━━ Task input

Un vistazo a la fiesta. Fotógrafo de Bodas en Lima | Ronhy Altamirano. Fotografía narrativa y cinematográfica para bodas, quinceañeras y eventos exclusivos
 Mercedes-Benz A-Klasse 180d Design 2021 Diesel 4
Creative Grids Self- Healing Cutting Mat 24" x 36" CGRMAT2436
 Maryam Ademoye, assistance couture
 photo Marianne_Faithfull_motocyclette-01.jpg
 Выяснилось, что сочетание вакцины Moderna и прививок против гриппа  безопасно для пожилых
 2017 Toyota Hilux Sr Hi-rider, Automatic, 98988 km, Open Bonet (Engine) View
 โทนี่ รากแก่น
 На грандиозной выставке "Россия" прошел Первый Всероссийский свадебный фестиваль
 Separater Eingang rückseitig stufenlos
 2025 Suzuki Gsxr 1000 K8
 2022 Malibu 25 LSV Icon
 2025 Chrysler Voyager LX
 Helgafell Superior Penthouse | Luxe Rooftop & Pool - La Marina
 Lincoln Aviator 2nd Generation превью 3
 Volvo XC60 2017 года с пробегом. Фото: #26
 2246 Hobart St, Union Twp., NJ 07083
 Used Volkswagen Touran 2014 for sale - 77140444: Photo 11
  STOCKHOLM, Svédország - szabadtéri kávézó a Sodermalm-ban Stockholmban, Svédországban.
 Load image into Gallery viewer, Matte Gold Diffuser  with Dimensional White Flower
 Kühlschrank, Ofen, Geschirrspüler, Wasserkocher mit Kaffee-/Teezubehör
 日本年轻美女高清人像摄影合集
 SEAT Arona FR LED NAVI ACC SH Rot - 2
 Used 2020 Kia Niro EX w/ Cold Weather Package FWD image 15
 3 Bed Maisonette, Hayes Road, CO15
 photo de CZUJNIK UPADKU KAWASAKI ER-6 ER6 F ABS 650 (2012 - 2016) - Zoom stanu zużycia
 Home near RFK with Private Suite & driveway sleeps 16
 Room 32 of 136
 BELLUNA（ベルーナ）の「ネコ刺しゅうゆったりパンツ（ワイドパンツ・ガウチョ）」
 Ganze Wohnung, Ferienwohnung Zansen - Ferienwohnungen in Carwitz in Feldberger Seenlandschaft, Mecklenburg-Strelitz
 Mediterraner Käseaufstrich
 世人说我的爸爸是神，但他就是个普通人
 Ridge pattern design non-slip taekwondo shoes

━━━━

• [Task objective]: Restate the listing word for word, but only from its first line through the line with "Used 2020 Kia", keeping both end lines.

• [Solution to this exercise]:
Un vistazo a la fiesta. Fotógrafo de Bodas en Lima | Ronhy Altamirano. Fotografía narrativa y cinematográfica para bodas, quinceañeras y eventos exclusivos
 Mercedes-Benz A-Klasse 180d Design 2021 Diesel 4
Creative Grids Self- Healing Cutting Mat 24" x 36" CGRMAT2436
 Maryam Ademoye, assistance couture
 photo Marianne_Faithfull_motocyclette-01.jpg
 Выяснилось, что сочетание вакцины Moderna и прививок против гриппа  безопасно для пожилых
 2017 Toyota Hilux Sr Hi-rider, Automatic, 98988 km, Open Bonet (Engine) View
 โทนี่ รากแก่น
 На грандиозной выставке "Россия" прошел Первый Всероссийский свадебный фестиваль
 Separater Eingang rückseitig stufenlos
 2025 Suzuki Gsxr 1000 K8
 2022 Malibu 25 LSV Icon
 2025 Chrysler Voyager LX
 Helgafell Superior Penthouse | Luxe Rooftop & Pool - La Marina
 Lincoln Aviator 2nd Generation превью 3
 Volvo XC60 2017 года с пробегом. Фото: #26
 2246 Hobart St, Union Twp., NJ 07083
 Used Volkswagen Touran 2014 for sale - 77140444: Photo 11
  STOCKHOLM, Svédország - szabadtéri kávézó a Sodermalm-ban Stockholmban, Svédországban.
 Load image into Gallery viewer, Matte Gold Diffuser  with Dimensional White Flower
 Kühlschrank, Ofen, Geschirrspüler, Wasserkocher mit Kaffee-/Teezubehör
 日本年轻美女高清人像摄影合集
 SEAT Arona FR LED NAVI ACC SH Rot - 2
 Used 2020 Kia Niro EX w/ Cold Weather Package FWD image 15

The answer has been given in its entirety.